Телефон еще много раз дребезжал, за что и был выключен. А я думала почему-то о том, как назло выйду замуж, рожу ребенка и приглашу этого английского придурка разделить со мной радость прямо в роддоме. Еще я думала о телефоне и о том, как много значит он в моей жизни: через него меня любили, бросали, воспитывали и жалели. Он устал так же, как и я. Нам на время нужно было расстаться. Я разошлась со всеми, а он всего лишь с розеткой.
А потом приехал Кирилл и напомнил мне ружье, которое должно выстрелить. И началось сегодня. Но о том, что оно началось, я догадалась много позже, я догадалась потому, что время потекло медленнее, потому что я шла по улице и изучала прихотливый узор линий на асфальте, потому что заметила новые молодые деревья, открывшие четкий контур домов.
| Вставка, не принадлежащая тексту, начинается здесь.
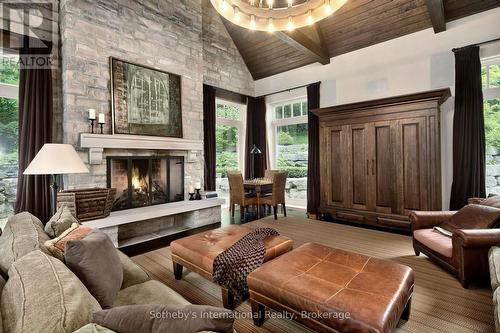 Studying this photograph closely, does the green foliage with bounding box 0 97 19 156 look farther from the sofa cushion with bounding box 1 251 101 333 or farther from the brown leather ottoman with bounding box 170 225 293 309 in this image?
the sofa cushion with bounding box 1 251 101 333

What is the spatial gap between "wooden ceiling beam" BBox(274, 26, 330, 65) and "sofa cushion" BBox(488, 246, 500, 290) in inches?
152

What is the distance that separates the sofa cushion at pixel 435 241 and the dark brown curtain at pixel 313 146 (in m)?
2.44

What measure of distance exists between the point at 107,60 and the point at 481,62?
557 cm

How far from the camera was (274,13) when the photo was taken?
2.11 m

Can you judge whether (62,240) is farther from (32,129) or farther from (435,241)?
(435,241)

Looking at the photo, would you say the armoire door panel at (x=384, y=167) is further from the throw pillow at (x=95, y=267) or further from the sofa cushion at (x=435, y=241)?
Answer: the throw pillow at (x=95, y=267)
Сегодня были вымытые витрины, вежливые цветочницы и я, интересующаяся, кто придумал клише «буйство красок». Вчера еще напоминало о себе, но было калейдоскопом, в который, заглядывая время от времени, и смотреть-то стоило секунд тридцать, вчера не способно было растянуться во времени, оно жало, давило, заставляло проснуться от стыда, вчера научило меня не чувствовать боли, не помнить, не жить, оно с трудом уступало место сегодня, но оно было всего лишь вчера.
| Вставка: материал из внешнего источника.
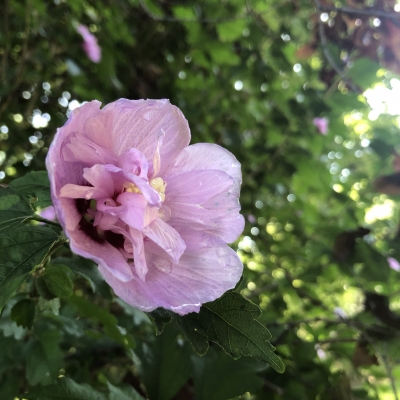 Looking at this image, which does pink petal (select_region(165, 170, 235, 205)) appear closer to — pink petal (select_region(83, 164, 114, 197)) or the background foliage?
pink petal (select_region(83, 164, 114, 197))

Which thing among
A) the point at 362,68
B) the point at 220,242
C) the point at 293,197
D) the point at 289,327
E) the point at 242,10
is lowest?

Кирилл приехал ко мне на работу и так, будто мы только расстались, чмокнул меня в щеку.
— Ты свободна? — спросил он.
— Да, — сказала я, поскольку уроки у меня уже закончились.
— Поехали завезем к тебе вещи, а потом сходим куда-нибудь.
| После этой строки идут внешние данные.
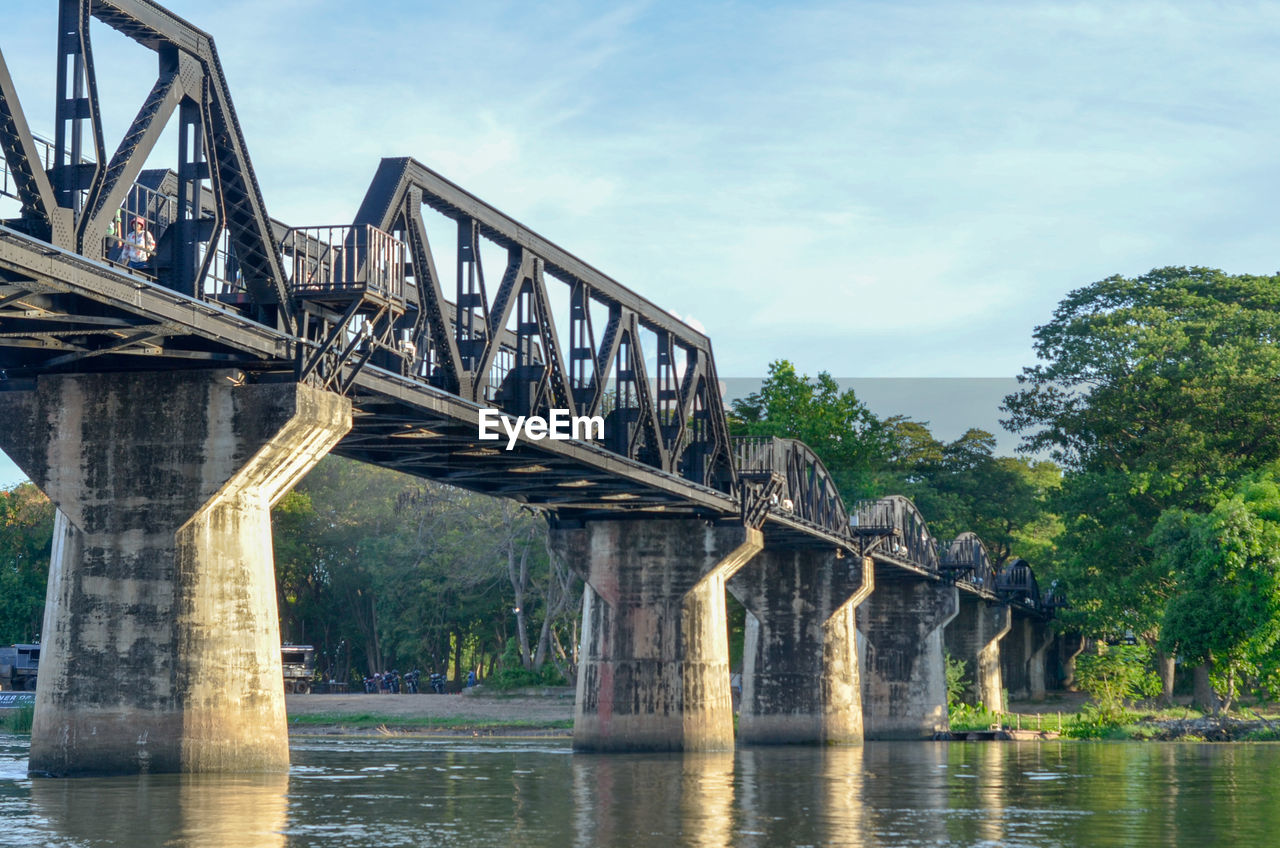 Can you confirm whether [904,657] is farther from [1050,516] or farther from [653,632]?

«Какие вещи?» — хотела спросить я, но потом подумала, что люблю сюрпризы, и промолчала. Кстати, как позже выяснилось, это был один из последних моих рабочих дней в нашей школе.
Мы привезли ко мне домой его чемоданы, через неделю — новую мебель. В этой суете мне просто некогда было сказать, что он меня неправильно понял. Да и незачем. Я действительно была свободна. Свободна — даже для безболезненного прикосновения к прошлому. Свободна — как в горах моей школьной юности. Мои друзья-альпинисты кричали: «Ты чувствуешь, чувствуешь вечность? Мы — тайна». Эхо обреченно-насмешливо повторяло за ними: «Тайна, тайна…» А я улыбалась и знала, что тайна — это я одна, потому что я — вровень с небом, у меня классное снаряжение, я — ничья и мне везет. По утрам я смотрела на вершину, зная, что не хочу ее покорить, а вечером выбирала любимые вещи, которые хотела бы спасти от схода снежных лавин. Однажды я стояла внизу у входа в наш коттедж и беседовала о высоком с Потенциально Сумасшедшим Художником, которого все звали просто Пасха. Высокое заключалось в том, что он меня не любит, а я не села с ним рядом у костра. Мы не могли решить, кто из нас больше виноват — я или мое действие или он и мое восприятие. Разговор был то бурный, то вкрадчивый, дважды я пыталась уйти, трижды мы поцеловались. В момент нежнейшего примирения мы услышали командный голос нашей руководительницы:
— Эй, кто-нибудь, принесите мне мои зеленые трусы!
— Какие? — раздалось одновременно из многих комнат.
— Теплые зеленые в белый горошек, — снова последовал приказ.
Потом все стихло, кроме множества шагов, — легких невесомых касаний ног о деревянные половицы. Пасха улыбнулся, и мы снова стали мириться.
— Нет, не эти, — разочарованно вскрикнула наша метресса, — не эти, а утепленные рабочие.
Я знала, где искать пропажу, но был очень хороший вечер, который мне совсем не хотелось разрушать… Мы с Пасхой мечтательно смотрели в небо.